Hacks and Data Breaches 

Last year was a sobering reminder of how vulnerable our data is. In just the financial and insurance industry alone, there were 448 confirmed data breaches. Then, the severity of the potential dangers came into focus when the NHS was hacked, and the personal and health data of 56 million people was in jeopardy. 

According to Verizon’s 2020 Data Breach Investigations Report, the most common outsider attacks on the insurance and financial industry are scams, phishing attacks, and pretexting attacks. These data leaks can cause a whole barrage of problems for insurance companies. First and foremost, having a hoard of upset customers knocking down your door isn’t a nice way to start the week. These breaches can also lead to current customers losing confidence in your company and cancelling their plans or impacting future clients’ decisions when choosing their preferred company. 

A part of the problem is also that the insurance industry is particularly appealing to cybercriminals. Not only does the industry have vast amounts of user data, but missteps can also open the door to insurance fraud so insurance agencies are careful not to take risks when it comes to their data. 

What you can do to protect your company and your data/Best practices for data protection compliance

1. Appoint a data protection officer- There needs to be at least one (if not multiple) people at your company who are specifically tasked with monitoring data and data privacy issues. 

2. Conduct a risk assessment- What kinds of customer data do you have that might be valuable or somehow cause either cause reputational or financial harm if it was exposed? How is that data stored, who has access to it and how difficult would it be for someone to illegally access that information if they wanted to?  

3. Ensure secure access to data- Network security from your office’s wifi connection is already commonplace, but portable devices are often a blindspot. Given that insurance companies have a considerably mobile workforce (inspectors going on-site, sales representatives visiting conferences), these devices can all be a potential risk. Now with a huge portion of the workforce working from home, this problem is only exacerbated. This adds up to a lot of phones and laptops potentially left vulnerable to both malicious attacks as well as accidents if something was to be lost or misplaced. All it takes is the addition of special privacy software installed directly on the device; this way, phones and computers can be safe, even if they use not secured internet connections or a third party gets access to the device.

4. Educate privileged employees- Employees with privileged access to your IT infrastructure are the most common targets of cyber attackers. Ensure that any employee with any security clearance undergoes educational training about the most up to date security practices. Multiple factor authentication and a password manager can also substantially cut down risk.  

5. Reduce third-party risks- Third parties are held to the same data privacy standards as the primary company handling the data. Therefore, you will be required to audit and assess what information is shared with third parties and how they use it. You can either require third parties to use the same data security tools your company uses, or in the very least, oversee their data privacy policies.  

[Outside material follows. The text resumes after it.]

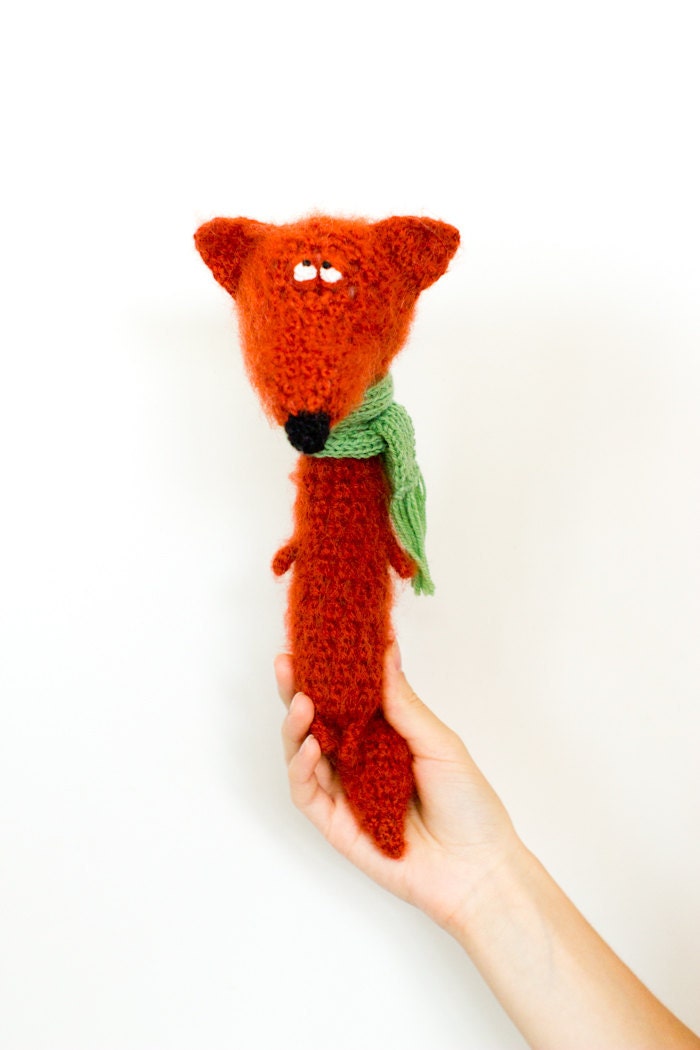 Red fox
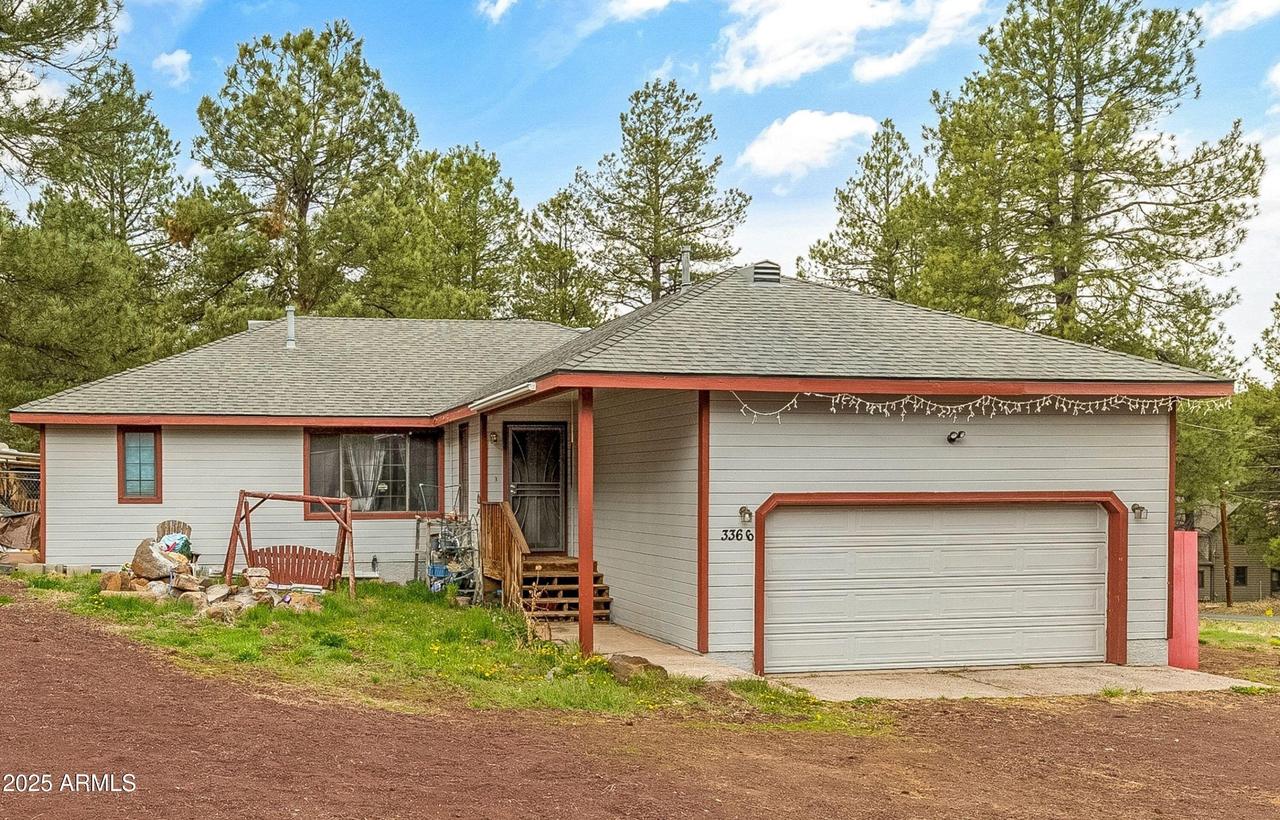 3366 Toho Tr., Flagstaff, AZ 86005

6. Encrypt data- Data encryption is standard for most companies and is either required or strongly recommended by most data protection legislation. This is one of the easiest ways to ensure your data is safe, or at least better protected, if anything falls into the wrong hands. Device control policies can also help block the connection of mobile devices or regulate which devices are allowed to connect to a computer. 

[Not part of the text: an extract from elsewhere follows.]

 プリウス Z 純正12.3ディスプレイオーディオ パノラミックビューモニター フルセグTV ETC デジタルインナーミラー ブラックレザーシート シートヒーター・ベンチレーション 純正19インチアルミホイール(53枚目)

7. Prepare for a fast response- Things that can go wrong often find a way of doing so. A complete and ready incident response plan will help your company get ahead of any potential leak or hack and make sure you can hit the ground running with a response plan. This plan should include what actions employees at all levels should take, who should be informed, and the timeframes for every action. This is particularly important because under GDPR, there is a 72-hour notification deadline that starts after your company becomes aware of any cybersecurity incident.